Yes, it does kind of piss me off that my previous landlord could afford
multiple properties from the proceeds of selling pirated tapes in London in
the 70's / 80's, yet as an educated knowledge worker on an above average wage,
I could barely afford the crappiest flat there.

I guess I must be wildly ambitious like the article suggests.

------
cafard
This was posted back in September, when it first came out. It has not improved
with age.

------
Empathenosis
Interesting read, I found the tips at the end to be both... extremely
practical, and kind of a mix of "You suck...BUT YOU DONT HAVE TO!".

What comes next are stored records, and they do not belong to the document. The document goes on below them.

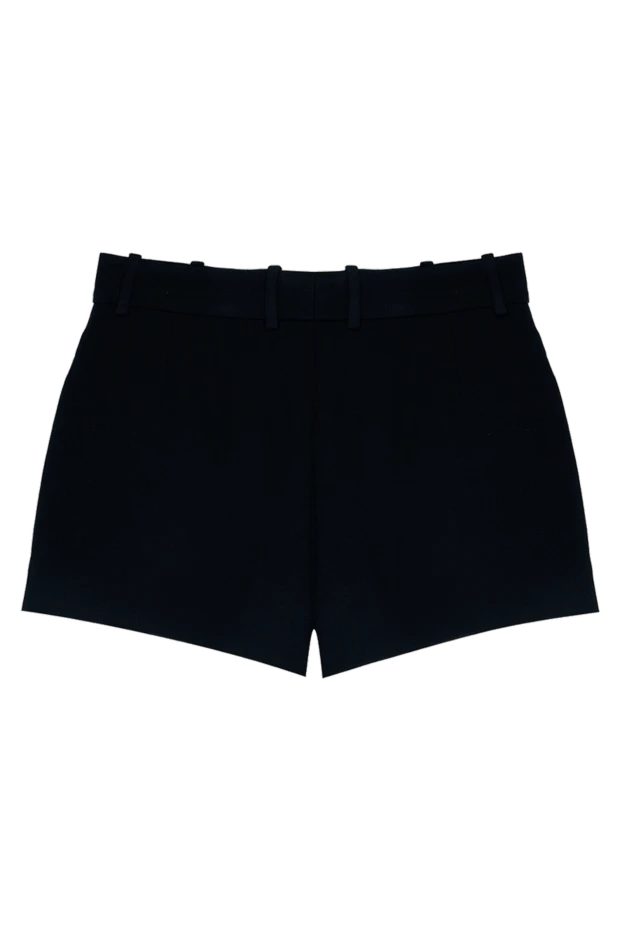 Ermanno Scervino women's black high-waisted shorts 169044 - photo 2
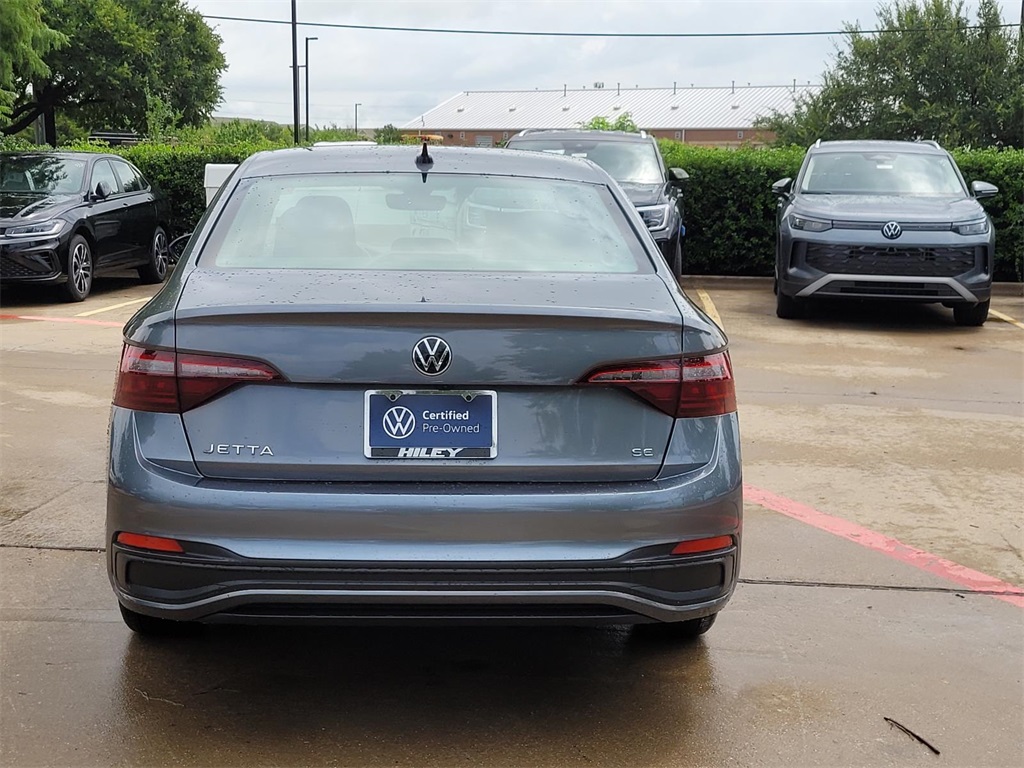 used 2024 Volkswagen Jetta car, priced at $23,624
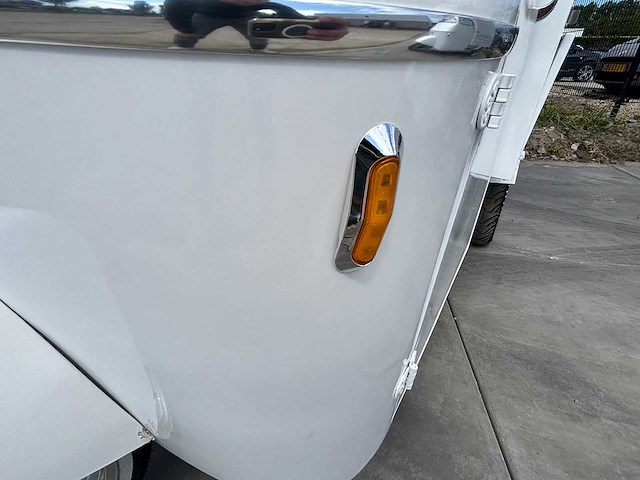 2025 vespa tuktuk ape e-scooter foodtruck - afbeelding 3 van  21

However, I feel the writer is massively ineffective at communicating the tips
at the end.

I think a few things could improve this to be readable by more than just the
curious.

* - Stop lumping a 30 year gap into one group/personality. // While aware that you _may_ not be, it doesn't come off as that, I may feel this way because I was born in '91.*

* - Start with a problem. Fix the problem, before the next problem. example: A lot of people with this mentality share another slightly dysfunctional mentality, with this [subject] you'll come across this [problem]. Here is how you fix it, and work past it. *

* - Work on the wording. You seem either pretentious or born in the 40's and pissed about how the world changed, unable to accept advancements/changes through the world, while being angry with a younger generation. (Also, this is the internet, just to be clear, I'm not trying to be an asshole.) *

I hope you understand. I was born in this generation of "GYPSYs" as you (or
the author) called it, I don't feel a sense of entitlement, my sense of being
'special' isn't "I am better than you.", it's more so that I have a love of
education, technology, and programming, and that's 'special' to me because
quite a few of the people I've known in my generation strongly dislike those
topics.

Frankly, I love working my ass off and seeing a small blade of grass popup in
my metaphorical soil. I hope (not expect) some day this metaphorical soil will
be covered in countless tiny blades of grass that end up becoming a gigantic
metaphorical greener-grass that is my life.

There are plenty of people (young and old-alike) that feel they are entitled
to things. Respect, Success, Money, Fame(?). Those people suck. But your
entire mentality isn't based on the time you were born. I feel like the things
experience it, mixed with your environment are what attribute to those types
of mentalities. (Yes, the old Nature VS Nurture)

\- Ash